Predictions

Predictions

by Mike Masnick




Are In-House R&D Labs Outdated?

from the maybe-possibly dept

Has start-up culture completely changed the idea of research and development? This isn't a new idea, as many companies have made this point in the past. However, here's an article raising the idea again. These days, with a (mostly) healthy venture capital industry, and a strong startup culture in the US, many tech companies are realizing that in-house R&D just isn't worth it. In some ways, it's the typical "decentralized vs. centralized" argument at work. With an in-house R&D system, you have a centralized solution, where limited resources force researchers to focus on specific problems, and they tend to focus on improving core products, without cannibalizing existing lines too much. This shows why they often get blind-sided by more disruptive technologies that change the market. With the decentralized startup model of research, lots of companies (funded by VCs) do all different types of research, and the bigger tech companies get to pick the more successful ones and buy them out. They may pay more, but the results are more proven in the marketplace, and they end up spending less on completely wasteful projects. Of course, it doesn't always work out that way, and there are plenty of stories of acquisitions gone bad (though, in many cases, this is because bigger companies losing marketshare tend to buy companies that simply prop up their obsolete offerings, rather than really jump into more revolutionary areas). The big downside of this model, of course, is that it makes integration much more difficult (another reason why many of these deals fail), but that doesn't seem to offset the upside. It will be interesting to see if the pendulum shifts back, or if the focus will remain on this more decentralized means of R&D.

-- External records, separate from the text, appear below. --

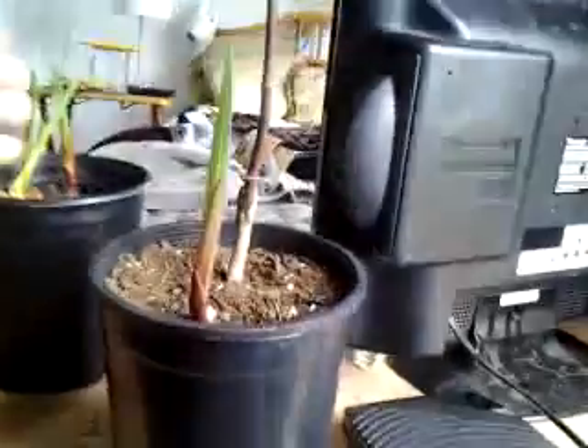As you can see, this branch right here is leaning over. If your tree leans over like this and then goes up and bends this way, just make it straight. Because when this tree gets older, it's going to look very ugly if the trunk is crooked.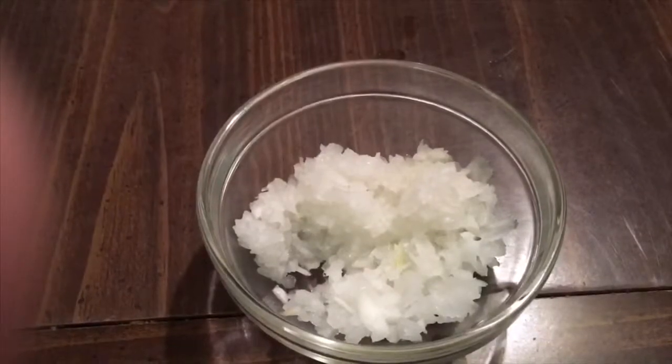And y'all, those onions, they do a number on me. See what those onions do to my eyes, y'all? It just makes some water so bad.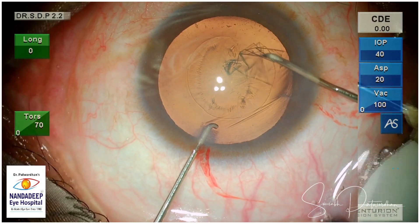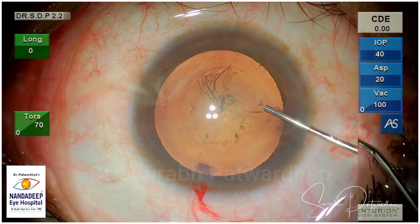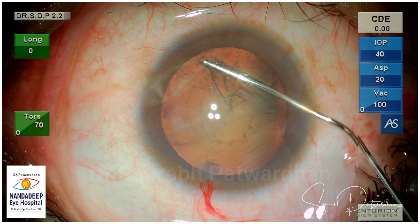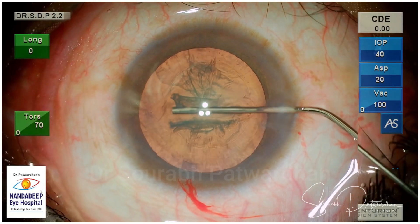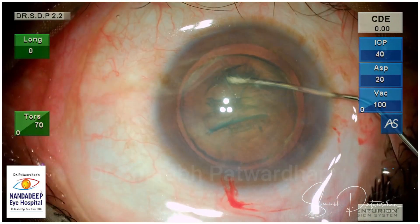I have also kept the parameters of the machine so that you know which parameters to use for this technique. The first very important step is Cortex Cleaving Hydro Dissection, and the second part is Hydro Delineation.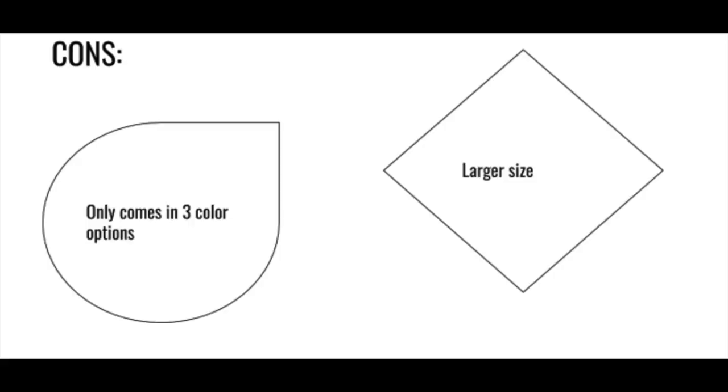Another thing I wasn't super fond about was that it is definitely a larger size cloth — it's about 18 by 18 inches. And just for what I'm using it for, for a dorm room to clean my mirrors and windows, I didn't think I needed one that big. But again, it's not ridiculously large, it's just bigger than what I'd expect I'd use it for.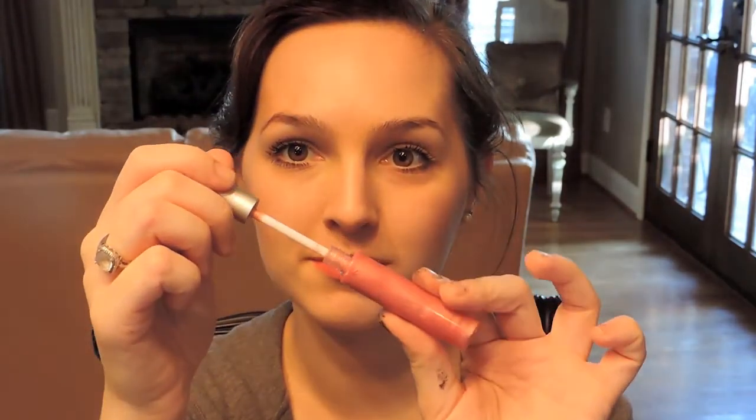Now for the lips I'm taking the coral reef lipstick. To top it all off, I'm going to take the first kiss lip gloss and put this over that coral reef lipstick.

4 Comments | Leave a Comment..

 
 

Reader Comments

(Flattened / Threaded)

    Mar 8th, 2004 @ 3:45pm
  • Doesn't solve everything

    by DV Henkel-Wallace

    Some R&D projects cost a lot of capital, and that money may not come through VC. Some of Bell Labs' work on the transistor, for example, was too speculative at the time for business funding. Not to mention their work on information theory, which was pretty abstract an diffuse in its application.

    (reply to this comment) (link to this comment)

  • Mar 9th, 2004 @ 6:22am
  • Sometimes

    by John S. Fetzik

    This works for some stuff. Particularly the 'new paradigm' type of research. There is still a lot of basic research that would never get funded this way though.

    Also a lot of very targeted reasearch will only ever be done by companies that are already in an existing market. Some vertical markets are too narrow and too expensive for a real startup to get into them. Some types of research can take many millions of dollars a year for a decade or more before you see results.

    (reply to this comment) (link to this comment)

  • Mar 9th, 2004 @ 7:53am
  • R & D can be worth it

    The American business climate is too focused on short term goals. Inhouse research is still a good way to develop market-leading products 5 to 10 years in the future. Managers are (sorry to say) not rewarded for being patient. Good inhouse research includes these factors:

    - within a well-defined area, researchers get free reign to make discoveries.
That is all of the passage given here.